A leading reinsurance hub in Europe

Luxembourg is the largest captive reinsurance market in the EU. International companies from all over the world have established around 200 reinsurance undertakings in the Grand Duchy.

 

There are several benefits of captive reinsurance. The premiums paid to the captive by the parent and affiliates of the group and the attached captive’s underwriting profits can be retained within the international group and used to finance the business activities of the other subsidiaries of the group.

The captive reinsurance, being an “in-house” reinsurance solution, allows its owner to tailor the insurance to suit the group’s specific requirements. In particular, international groups with different types of risks in different geographic locations may often have to purchase insurance policies from local providers. A captive can create a “one-stop shop” within the group, enabling the owner of the captive to allocate deductibles for each risk or territory.

The captive also centralises the risk management strategy of the international group, allowing for a better overall assessment of the group’s risk exposure and losses.

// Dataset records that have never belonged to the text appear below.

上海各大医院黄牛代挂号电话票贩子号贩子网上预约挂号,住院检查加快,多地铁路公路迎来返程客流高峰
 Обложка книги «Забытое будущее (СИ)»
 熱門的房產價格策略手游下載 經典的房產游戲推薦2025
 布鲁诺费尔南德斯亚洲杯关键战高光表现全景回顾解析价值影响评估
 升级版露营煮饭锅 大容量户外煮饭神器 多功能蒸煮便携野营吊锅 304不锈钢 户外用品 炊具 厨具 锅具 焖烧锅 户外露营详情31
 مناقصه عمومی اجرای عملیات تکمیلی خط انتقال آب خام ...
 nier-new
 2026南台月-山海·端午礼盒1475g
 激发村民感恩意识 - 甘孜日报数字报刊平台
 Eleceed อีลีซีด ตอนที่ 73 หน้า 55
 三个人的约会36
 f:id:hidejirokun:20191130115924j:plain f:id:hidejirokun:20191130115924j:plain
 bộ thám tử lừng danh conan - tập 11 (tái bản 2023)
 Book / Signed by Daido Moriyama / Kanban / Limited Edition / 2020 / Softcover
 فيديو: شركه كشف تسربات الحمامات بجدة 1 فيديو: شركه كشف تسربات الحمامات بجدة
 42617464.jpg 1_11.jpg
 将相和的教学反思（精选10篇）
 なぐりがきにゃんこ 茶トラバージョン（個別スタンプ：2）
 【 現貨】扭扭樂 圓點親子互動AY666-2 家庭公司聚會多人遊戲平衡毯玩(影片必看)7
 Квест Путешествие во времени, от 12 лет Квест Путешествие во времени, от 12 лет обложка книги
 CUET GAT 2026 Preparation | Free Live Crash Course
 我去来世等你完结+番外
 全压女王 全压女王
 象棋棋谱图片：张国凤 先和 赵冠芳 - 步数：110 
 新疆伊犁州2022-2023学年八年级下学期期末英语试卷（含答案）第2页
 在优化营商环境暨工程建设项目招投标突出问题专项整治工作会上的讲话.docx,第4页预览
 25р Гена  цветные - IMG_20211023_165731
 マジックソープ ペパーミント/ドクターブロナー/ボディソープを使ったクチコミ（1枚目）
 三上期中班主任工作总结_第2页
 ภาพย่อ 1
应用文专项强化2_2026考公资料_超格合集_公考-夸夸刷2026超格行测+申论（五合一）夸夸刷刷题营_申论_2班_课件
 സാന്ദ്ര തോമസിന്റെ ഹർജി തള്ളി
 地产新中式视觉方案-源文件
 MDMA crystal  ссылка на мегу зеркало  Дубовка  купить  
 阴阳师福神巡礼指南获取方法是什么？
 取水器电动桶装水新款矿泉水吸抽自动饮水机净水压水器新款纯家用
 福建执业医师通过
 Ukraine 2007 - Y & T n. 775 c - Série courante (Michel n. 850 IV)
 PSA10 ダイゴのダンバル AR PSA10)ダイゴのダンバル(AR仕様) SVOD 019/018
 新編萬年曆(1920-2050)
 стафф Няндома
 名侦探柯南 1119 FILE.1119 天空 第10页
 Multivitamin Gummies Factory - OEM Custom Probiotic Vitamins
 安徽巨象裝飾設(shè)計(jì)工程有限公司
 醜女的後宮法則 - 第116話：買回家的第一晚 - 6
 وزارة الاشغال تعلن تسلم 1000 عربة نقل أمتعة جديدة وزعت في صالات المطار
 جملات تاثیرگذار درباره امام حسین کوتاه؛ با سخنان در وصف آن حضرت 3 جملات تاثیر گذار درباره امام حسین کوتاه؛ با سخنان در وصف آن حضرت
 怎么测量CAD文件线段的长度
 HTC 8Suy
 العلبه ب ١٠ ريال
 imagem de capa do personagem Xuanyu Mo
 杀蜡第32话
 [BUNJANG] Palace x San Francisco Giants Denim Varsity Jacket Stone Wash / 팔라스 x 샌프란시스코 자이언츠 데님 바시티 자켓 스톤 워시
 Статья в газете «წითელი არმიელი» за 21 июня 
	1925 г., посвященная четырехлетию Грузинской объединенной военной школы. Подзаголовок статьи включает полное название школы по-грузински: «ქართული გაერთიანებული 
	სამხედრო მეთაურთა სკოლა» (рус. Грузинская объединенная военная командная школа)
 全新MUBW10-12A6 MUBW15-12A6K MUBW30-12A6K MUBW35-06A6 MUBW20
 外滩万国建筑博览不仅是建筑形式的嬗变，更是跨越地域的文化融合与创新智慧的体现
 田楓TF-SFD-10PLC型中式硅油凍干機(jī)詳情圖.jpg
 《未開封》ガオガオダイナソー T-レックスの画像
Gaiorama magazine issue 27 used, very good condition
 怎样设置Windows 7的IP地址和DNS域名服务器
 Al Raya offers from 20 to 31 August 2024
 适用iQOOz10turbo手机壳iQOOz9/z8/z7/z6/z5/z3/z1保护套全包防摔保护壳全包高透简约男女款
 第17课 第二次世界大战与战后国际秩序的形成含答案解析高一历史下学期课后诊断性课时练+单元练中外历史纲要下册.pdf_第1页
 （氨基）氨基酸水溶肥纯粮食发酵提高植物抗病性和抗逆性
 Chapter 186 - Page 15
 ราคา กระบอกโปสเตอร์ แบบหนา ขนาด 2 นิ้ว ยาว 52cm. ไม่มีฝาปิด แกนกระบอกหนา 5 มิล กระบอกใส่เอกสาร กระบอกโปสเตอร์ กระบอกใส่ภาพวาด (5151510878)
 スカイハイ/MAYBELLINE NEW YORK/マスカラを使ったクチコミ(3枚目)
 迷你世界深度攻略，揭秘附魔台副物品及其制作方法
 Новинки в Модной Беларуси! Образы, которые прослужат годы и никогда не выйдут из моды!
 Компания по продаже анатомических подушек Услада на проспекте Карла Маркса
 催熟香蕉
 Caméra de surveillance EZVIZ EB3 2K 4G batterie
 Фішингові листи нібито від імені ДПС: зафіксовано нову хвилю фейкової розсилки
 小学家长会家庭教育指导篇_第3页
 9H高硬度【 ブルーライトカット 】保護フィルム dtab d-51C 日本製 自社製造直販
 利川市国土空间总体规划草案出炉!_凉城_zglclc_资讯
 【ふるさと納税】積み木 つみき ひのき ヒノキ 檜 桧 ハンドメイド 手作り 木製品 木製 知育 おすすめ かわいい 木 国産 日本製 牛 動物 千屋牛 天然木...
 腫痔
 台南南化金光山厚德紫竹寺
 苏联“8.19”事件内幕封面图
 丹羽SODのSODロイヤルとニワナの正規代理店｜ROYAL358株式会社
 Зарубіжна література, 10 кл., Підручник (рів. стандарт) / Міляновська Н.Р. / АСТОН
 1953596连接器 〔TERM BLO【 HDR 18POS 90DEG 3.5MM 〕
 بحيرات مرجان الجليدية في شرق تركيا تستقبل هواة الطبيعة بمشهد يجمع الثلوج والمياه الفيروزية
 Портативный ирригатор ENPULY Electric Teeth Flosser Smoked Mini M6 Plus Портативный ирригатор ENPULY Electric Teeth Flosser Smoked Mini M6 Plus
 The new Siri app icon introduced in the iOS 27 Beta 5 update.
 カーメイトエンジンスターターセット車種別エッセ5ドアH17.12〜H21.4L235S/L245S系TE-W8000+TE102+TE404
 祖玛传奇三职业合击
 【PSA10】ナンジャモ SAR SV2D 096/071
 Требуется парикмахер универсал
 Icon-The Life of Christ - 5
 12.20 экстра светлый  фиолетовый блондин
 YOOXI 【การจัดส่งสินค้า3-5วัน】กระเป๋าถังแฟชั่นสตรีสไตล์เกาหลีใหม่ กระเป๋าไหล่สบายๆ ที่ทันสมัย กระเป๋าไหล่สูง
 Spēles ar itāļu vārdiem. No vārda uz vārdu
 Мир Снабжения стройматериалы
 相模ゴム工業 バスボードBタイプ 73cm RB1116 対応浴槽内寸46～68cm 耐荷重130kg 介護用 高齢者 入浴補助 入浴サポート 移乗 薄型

The role of reinsurance in the transfer of insurance risk

For several decades, Luxembourg has stood out as a financial centre specialised in fund management. However, it is also a well-established big captive reinsurance hub and many of these captive reinsurance companies are also clients of major insurers.

Thomas Lillelund
CEO, AIG Europe

The vast majority of reinsurance companies in Luxembourg are of the “captive” type which means they are subsidiaries of international groups and their principal objective is that of reinsuring the risks of the other companies in the group. Captive reinsurance is essentially an “in-house” insurance entity created to insure the parent company and its affiliated companies.

There is no difference in the European and Luxembourg domestic legislation between standard reinsurance companies and captives, both in terms of activities and taxation, but a captive largely restricts its activities to reinsuring other members of its group. Both captives and non-captives operate in a regulatory framework defined at the EU level by the Reinsurance Directive, transposed into Luxembourg legislation in December 2007, and by the Solvency II Directive, transposed in December 2015.